** Data for this task **
>>>>
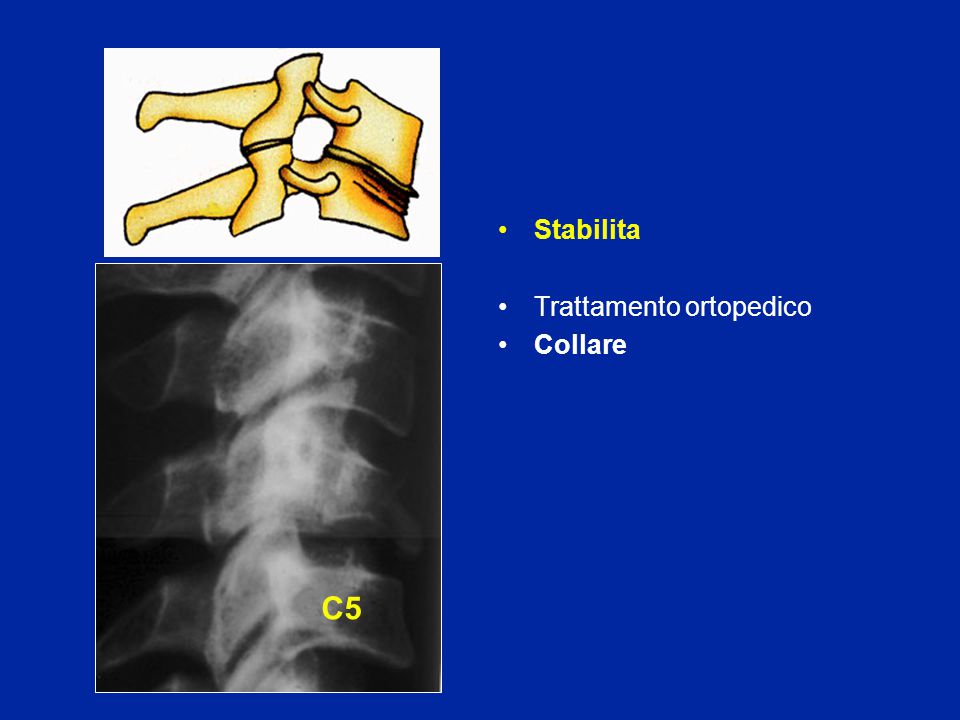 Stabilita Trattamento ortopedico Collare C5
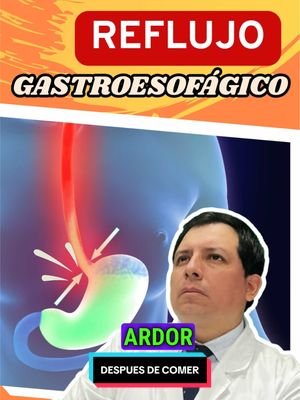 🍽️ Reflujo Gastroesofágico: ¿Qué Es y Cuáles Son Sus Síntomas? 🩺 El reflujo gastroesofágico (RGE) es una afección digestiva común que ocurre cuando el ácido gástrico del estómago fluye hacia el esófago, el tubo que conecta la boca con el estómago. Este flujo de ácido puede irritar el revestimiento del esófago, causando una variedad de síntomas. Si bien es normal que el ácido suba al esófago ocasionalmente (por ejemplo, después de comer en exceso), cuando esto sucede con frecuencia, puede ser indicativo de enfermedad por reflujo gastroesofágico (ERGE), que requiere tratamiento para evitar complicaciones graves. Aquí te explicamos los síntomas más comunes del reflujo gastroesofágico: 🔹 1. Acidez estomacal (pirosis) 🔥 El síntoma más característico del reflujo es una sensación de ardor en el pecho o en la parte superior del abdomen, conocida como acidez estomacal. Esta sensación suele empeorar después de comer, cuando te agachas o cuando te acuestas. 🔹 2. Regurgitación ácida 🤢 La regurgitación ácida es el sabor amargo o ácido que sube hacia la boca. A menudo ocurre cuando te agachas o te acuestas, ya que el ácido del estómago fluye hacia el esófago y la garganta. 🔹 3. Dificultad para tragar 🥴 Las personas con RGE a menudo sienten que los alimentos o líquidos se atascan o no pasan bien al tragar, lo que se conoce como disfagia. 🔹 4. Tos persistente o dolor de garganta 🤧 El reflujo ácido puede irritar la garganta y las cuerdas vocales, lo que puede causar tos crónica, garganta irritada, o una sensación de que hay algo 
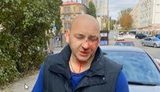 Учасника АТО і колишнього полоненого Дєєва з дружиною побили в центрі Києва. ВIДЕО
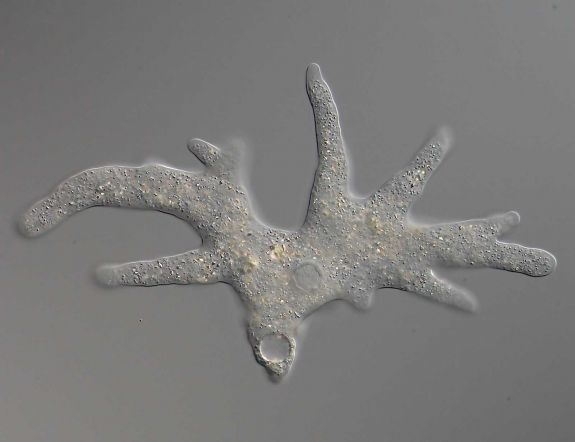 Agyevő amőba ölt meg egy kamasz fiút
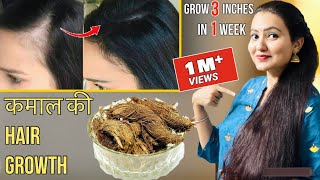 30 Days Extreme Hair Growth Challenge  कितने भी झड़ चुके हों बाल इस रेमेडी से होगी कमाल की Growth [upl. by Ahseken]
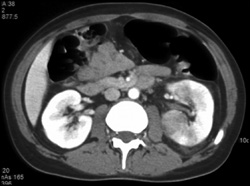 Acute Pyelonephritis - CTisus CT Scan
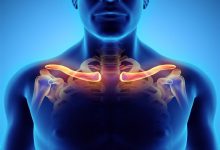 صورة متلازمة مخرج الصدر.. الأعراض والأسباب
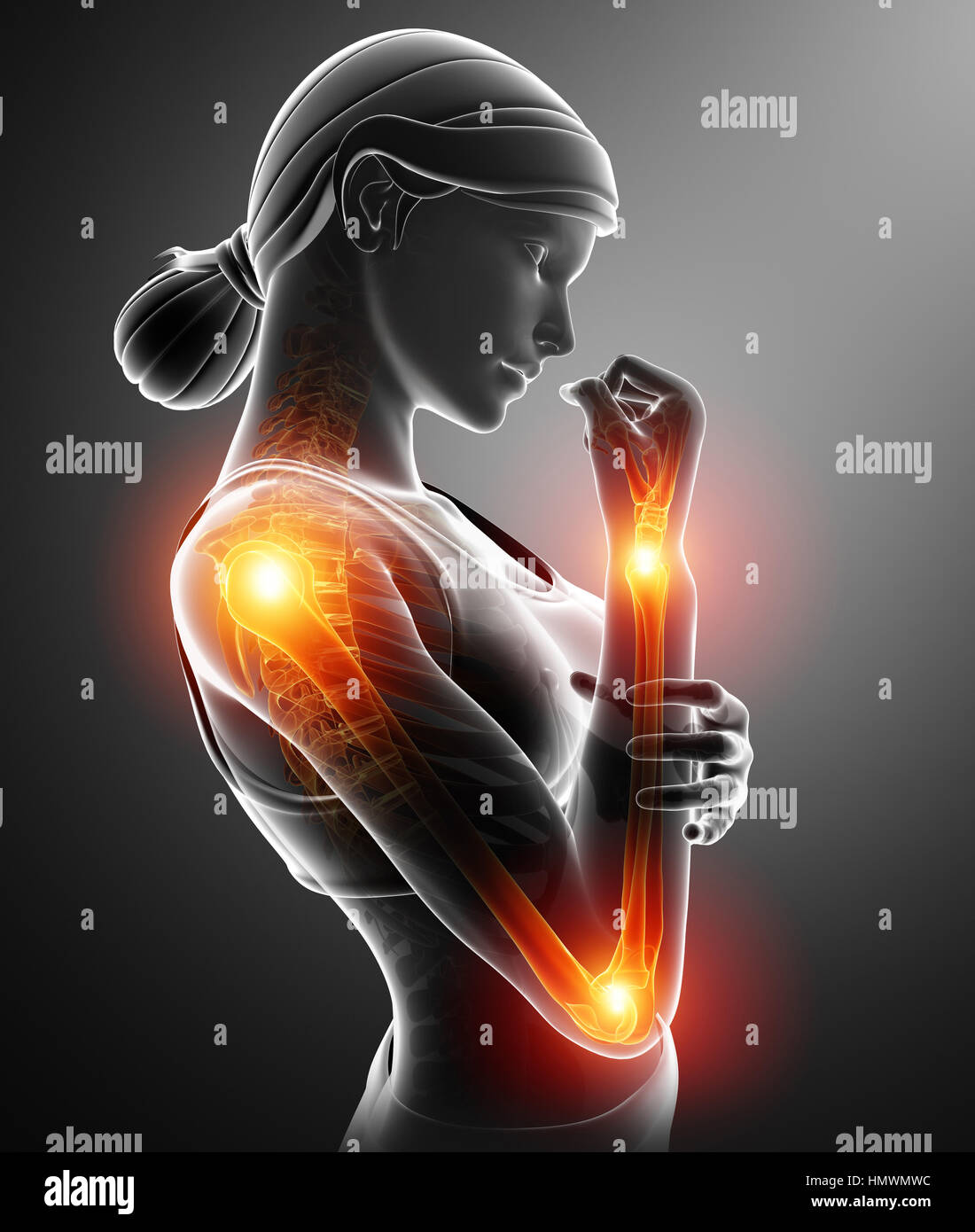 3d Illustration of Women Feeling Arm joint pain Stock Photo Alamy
<<<<
** Activity **
Make an exact copy of the whole listing, but don't bring over any pictures.

** Task answer **
 Stabilita Trattamento ortopedico Collare C5
 🍽️ Reflujo Gastroesofágico: ¿Qué Es y Cuáles Son Sus Síntomas? 🩺 El reflujo gastroesofágico (RGE) es una afección digestiva común que ocurre cuando el ácido gástrico del estómago fluye hacia el esófago, el tubo que conecta la boca con el estómago. Este flujo de ácido puede irritar el revestimiento del esófago, causando una variedad de síntomas. Si bien es normal que el ácido suba al esófago ocasionalmente (por ejemplo, después de comer en exceso), cuando esto sucede con frecuencia, puede ser indicativo de enfermedad por reflujo gastroesofágico (ERGE), que requiere tratamiento para evitar complicaciones graves. Aquí te explicamos los síntomas más comunes del reflujo gastroesofágico: 🔹 1. Acidez estomacal (pirosis) 🔥 El síntoma más característico del reflujo es una sensación de ardor en el pecho o en la parte superior del abdomen, conocida como acidez estomacal. Esta sensación suele empeorar después de comer, cuando te agachas o cuando te acuestas. 🔹 2. Regurgitación ácida 🤢 La regurgitación ácida es el sabor amargo o ácido que sube hacia la boca. A menudo ocurre cuando te agachas o te acuestas, ya que el ácido del estómago fluye hacia el esófago y la garganta. 🔹 3. Dificultad para tragar 🥴 Las personas con RGE a menudo sienten que los alimentos o líquidos se atascan o no pasan bien al tragar, lo que se conoce como disfagia. 🔹 4. Tos persistente o dolor de garganta 🤧 El reflujo ácido puede irritar la garganta y las cuerdas vocales, lo que puede causar tos crónica, garganta irritada, o una sensación de que hay algo 
 Учасника АТО і колишнього полоненого Дєєва з дружиною побили в центрі Києва. ВIДЕО
 Agyevő amőba ölt meg egy kamasz fiút
 30 Days Extreme Hair Growth Challenge  कितने भी झड़ चुके हों बाल इस रेमेडी से होगी कमाल की Growth [upl. by Ahseken]
 Acute Pyelonephritis - CTisus CT Scan
 صورة متلازمة مخرج الصدر.. الأعراض والأسباب
 3d Illustration of Women Feeling Arm joint pain Stock Photo Alamy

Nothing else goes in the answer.